Так было и на этот раз, только юбки на ней не было, как и соседа за забором с радиолой. Она была только в длинной майке ниже задницы, наподобие платья, и тут же сняла ее, едва переступив порог. «А мой-то в санаторий уехал!», – таинственно прошептала соседка, стягивая с меня джинсы, – «Теперь я могу у тебя заночевать!».

— Вот и хорошо! – сказал я, ощупывая ее сверху донизу.

— Дай… я… сама! – опять прошептала она.

Чего шептать-то? Кругом ни души, простой день же.

Я лежал навзничь, а она, не то Эльвира, не то Эльмира, уже залезла на скрипучую кровать и жадно запихивала в себя мой давно восставший член.

Эльмира быстро кончила. Тут уж не до шепота. Она вопила так, что в близком лесу переставала куковать кукушка. Она кончила и начала прыгать снова. А потом я поделился с нею спермой, и Эльмира ушла. Кажется, она не теряла надежды родить, хотя месячные, похоже, давно кончились…
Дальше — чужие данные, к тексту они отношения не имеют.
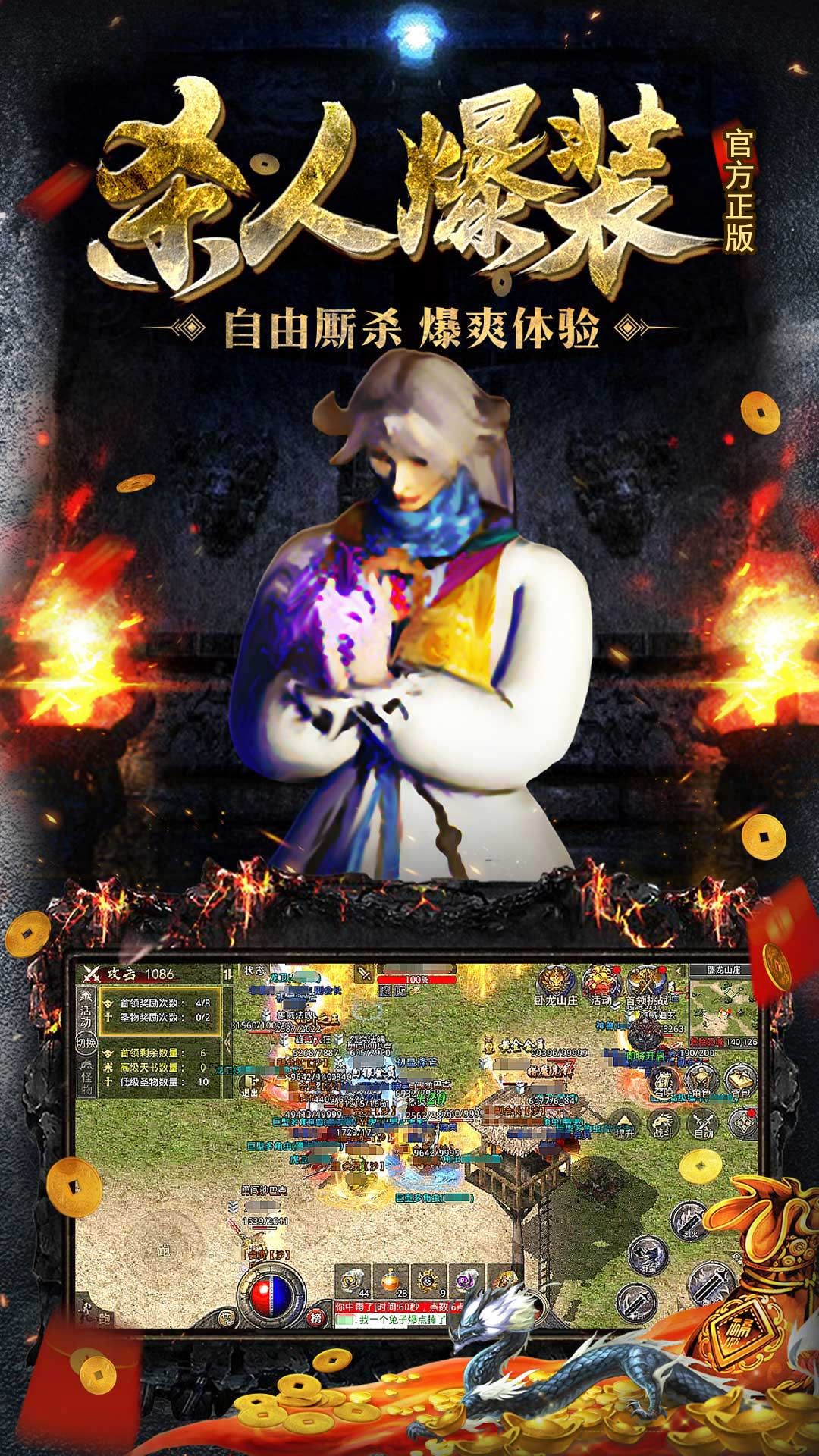 https://api.qixianyx.com/static/uploads/20250509134543140.png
Потом я пил чай из термоса со злой птицей и жевал, не чувствуя вкуса, бутерброды с югославской ветчиной из банки и нарезанными тонкими пластинками. Затем пошел на нашу стройку, на наш будущий дом, где пока был бетонный фундамент, брусчатый каркас с крышей из рубероида и яма под подвал. И тут пришла ненасытная Эльмира. Она спустилась в яму, где я вяло ковырял лопатой, и поежилась: «Прохладно!». Поэтому я снимать с нее майку не стал, а лишь закатал по лопатки.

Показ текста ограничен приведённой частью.